This is a partial transcript from "On the Record," November 7, 2005, that has been edited for clarity.

GRETA VAN SUSTEREN: We are live in Ocilla, Georgia, where a desperate search is under way for 30-year-old Tara Grinstead. The missing teacher was last seen at about 11 p.m. on October 22, and massive searches have turned up no sign of her...

Tara broke up with her long-term boyfriend, Marcus Harper, several months before she disappeared. Earlier today, we caught up with Marcus.

(BEGIN VIDEO CLIP)

Marcus, about what year and what month did you meet Tara?

MARCUS HARPER, MISSING WOMAN'S EX-BOYFRIEND: It was in the summer of 1998.

VAN SUSTEREN: Do you remember where you met her?

HARPER: I met her at a friend's house.

VAN SUSTEREN: Did you developed some sort of relationship with her after that?

HARPER: Yes.

VAN SUSTEREN: Tell me about your relationship with her.

HARPER: We dated for about five-and-a-half years.

VAN SUSTEREN: When you say dated, was it a serious or a casual relationship?

HARPER: It was a commitment. We did not date other people, but I was honest with her when I said I had no intentions of marriage because of my career.

VAN SUSTEREN: And was that OK with her?

HARPER: Well, like any young woman, she planned on getting married. And she asked me about that often, but I was always honest with her.

VAN SUSTEREN: Now, during the course of time that you had this relationship with her, and it was a committed relationship, did you ever together, or was it simply a dating relationship?

HARPER: No. No, just a dating relationship.

VAN SUSTEREN: Did there come a time when this dating relationship ended?

HARPER: Yes.

VAN SUSTEREN: When was that?

HARPER: October, 2004.

VAN SUSTEREN: What were the circumstances surrounding that?

HARPER: She told me she felt like it was time for her to move on.

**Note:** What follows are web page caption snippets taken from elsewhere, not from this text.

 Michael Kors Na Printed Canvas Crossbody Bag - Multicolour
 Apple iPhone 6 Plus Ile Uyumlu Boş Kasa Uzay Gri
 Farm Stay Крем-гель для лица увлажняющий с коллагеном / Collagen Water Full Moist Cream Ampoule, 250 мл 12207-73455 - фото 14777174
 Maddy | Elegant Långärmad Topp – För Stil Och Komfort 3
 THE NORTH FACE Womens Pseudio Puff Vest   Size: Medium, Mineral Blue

VAN SUSTEREN: And you're getting dumped, essentially?

HARPER: More or less.

VAN SUSTEREN: Were you upset by that at all?

HARPER: At first. We continued to remain friends, but I felt a little rejected at first. But I picked — you know, brushed my shoulders off, went on and started dating other people.

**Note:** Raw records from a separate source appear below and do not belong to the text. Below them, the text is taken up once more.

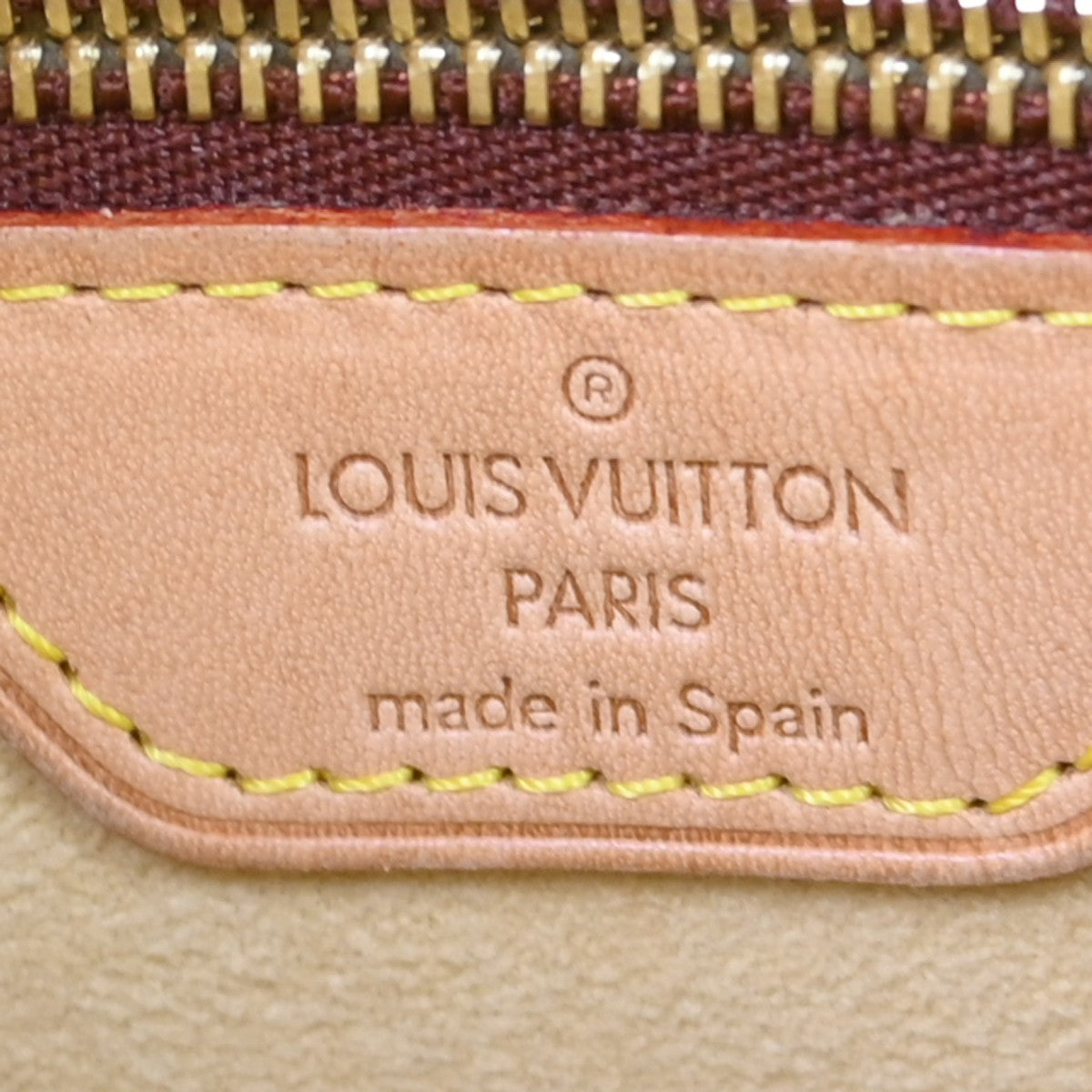 Louis Vuitton Monogram Looping Handbag Monogram Canvas, Brown, Canvas, Shoulder Bag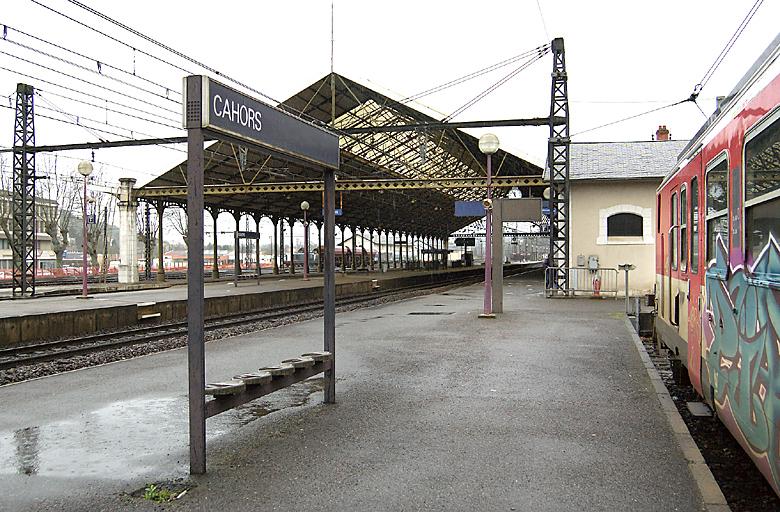 gare SNCF de chemin de fer
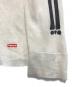中古・古着 Supreme (シュプリーム) Hanes (ヘインズ) スカルプリントL/Sサーマルカットソー ホワイト サイズ:M：12000円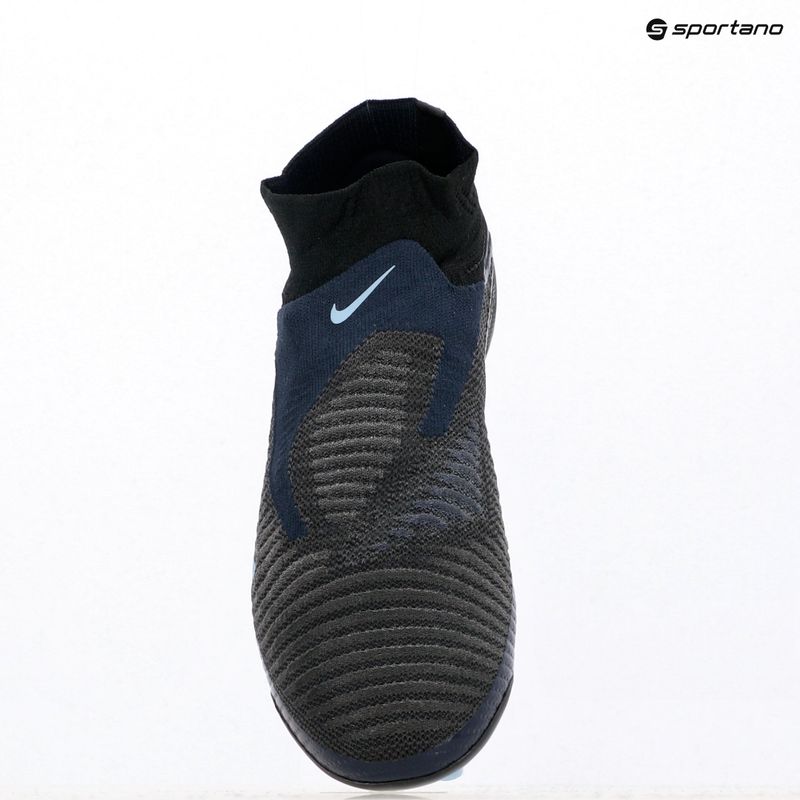 Vyriški Nike Phantom 6 High Elite AG futbolo bateliai black/black 12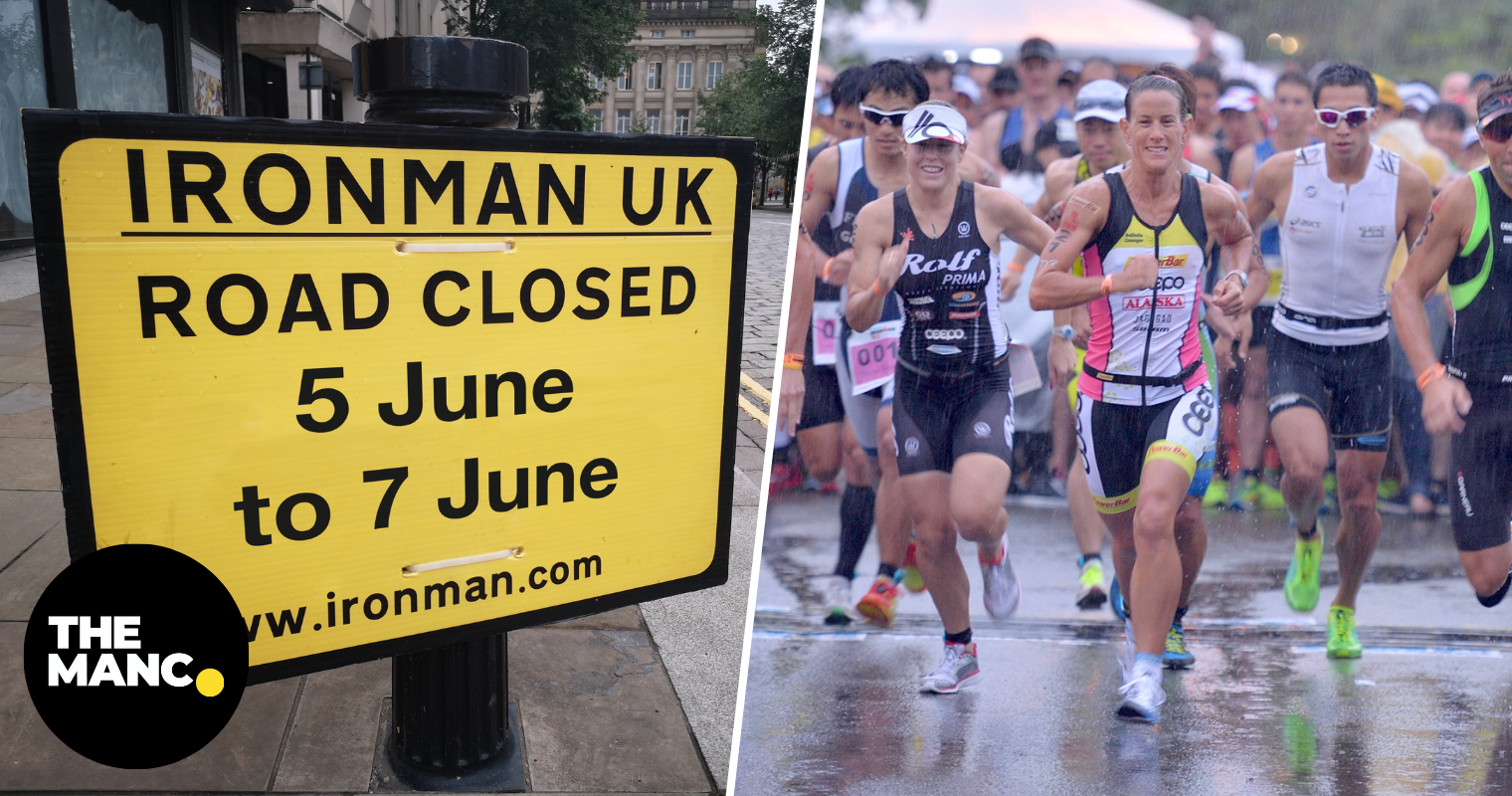 Full list of road closures announced as IRONMAN 2026 takes over Bolton next weekend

VAN SUSTEREN: Did she say why in October of 2004 she wanted to call it quits to your relationship?

HARPER: I think that she was looking more toward marriage.

VAN SUSTEREN: And you're definitely not into the marriage.

HARPER: Not at this time.

VAN SUSTEREN: OK. So after, let's say, October 2004 until September 2005, when you're in the area — because I know that you travel for business — did you see her often?

HARPER: Yes.

VAN SUSTEREN: How often did you see her?

HARPER: We remained friends. Any time I was home from business, you know, we would see each other. This past summer, we even went to a movie together as friends.

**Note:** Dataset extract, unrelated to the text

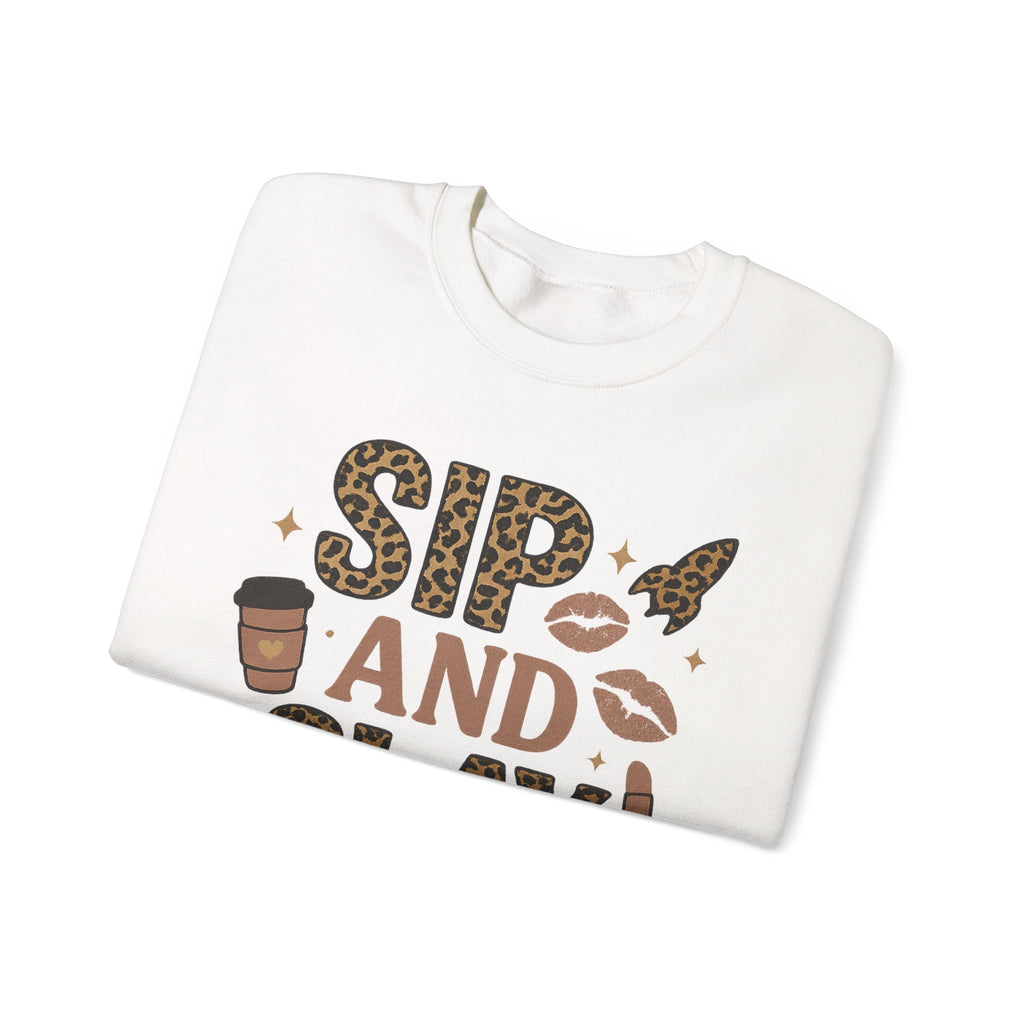 Sip And Slay Unisex Sweatshirt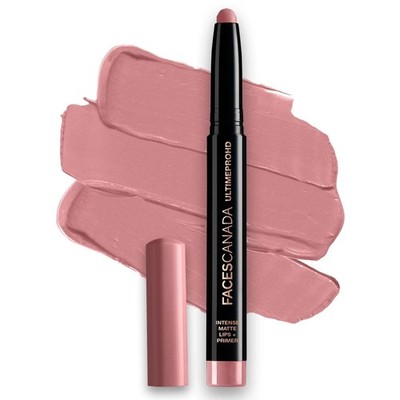 Faces Canada Ultime Pro HD Intense Matte Lips Primer, Tease 14, 1,4gm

VAN SUSTEREN: In terms of the relationship, did you try to rekindle a boyfriend-girlfriend or was it...

HARPER: No.

VAN SUSTEREN: It was definitely over as of October.

HARPER: She asked several times about rekindling the relationship, and I told her we could stay friends but I didn't want any kind of commitment. She asked me one time, Can we date each other, go on dates, but not see other people? And I told her that would be commitment. That's what I don't want.

VAN SUSTEREN: So then you were reject her, essentially, at this point?

HARPER: Pretty much.

VAN SUSTEREN: Did she accept that?

HARPER: No.

VAN SUSTEREN: When was the last time you actually saw her?

HARPER: The 14th of October. It was on a Friday morning.

VAN SUSTEREN: About what time?

HARPER: Around 9 o'clock.

VAN SUSTEREN: And what were the circumstances?

HARPER: She woke me by knocking on my windows.

VAN SUSTEREN: About how far do you live from her?

HARPER: Six miles approximately.

VAN SUSTEREN: Is that something common, where she would knock on your windows, or not? Is that unusual?

HARPER: No, it's not unusual, but she was crying and was upset about something.

VAN SUSTEREN: Now, is this a school day for her?

HARPER: Yes.

VAN SUSTEREN: Do you know whether or not she was in school that day as a teacher?

HARPER: I do not know that information.

VAN SUSTEREN: Do you know what time school usually started for her?

HARPER: I would say around 8 o'clock.

VAN SUSTEREN: So presumably, 9 o'clock would be into the school day.

HARPER: Yes.

VAN SUSTEREN: What happened?

HARPER: She approached me crying. She was very irrational. And she told me that if she found out I was dating someone, she would commit suicide.

VAN SUSTEREN: So on Friday, after you saw her in the morning, did you see her again?

HARPER: Yes.

VAN SUSTEREN: What time did you see her again?

HARPER: She came back that afternoon.

VAN SUSTEREN: Did you actually see her that afternoon?

HARPER: Yes.

VAN SUSTEREN: And anything unusual about that afternoon?

HARPER: She said she wanted to hug me for a last time. And I told her it's not going to be a last time. We live in the same small town. We'll continue to see each other, meaning face to face on the street. And she told me, I don't want you hating me. And I told her, I said, Tara, I do not hate you. I don't have any hard feelings against you. We just need to move on.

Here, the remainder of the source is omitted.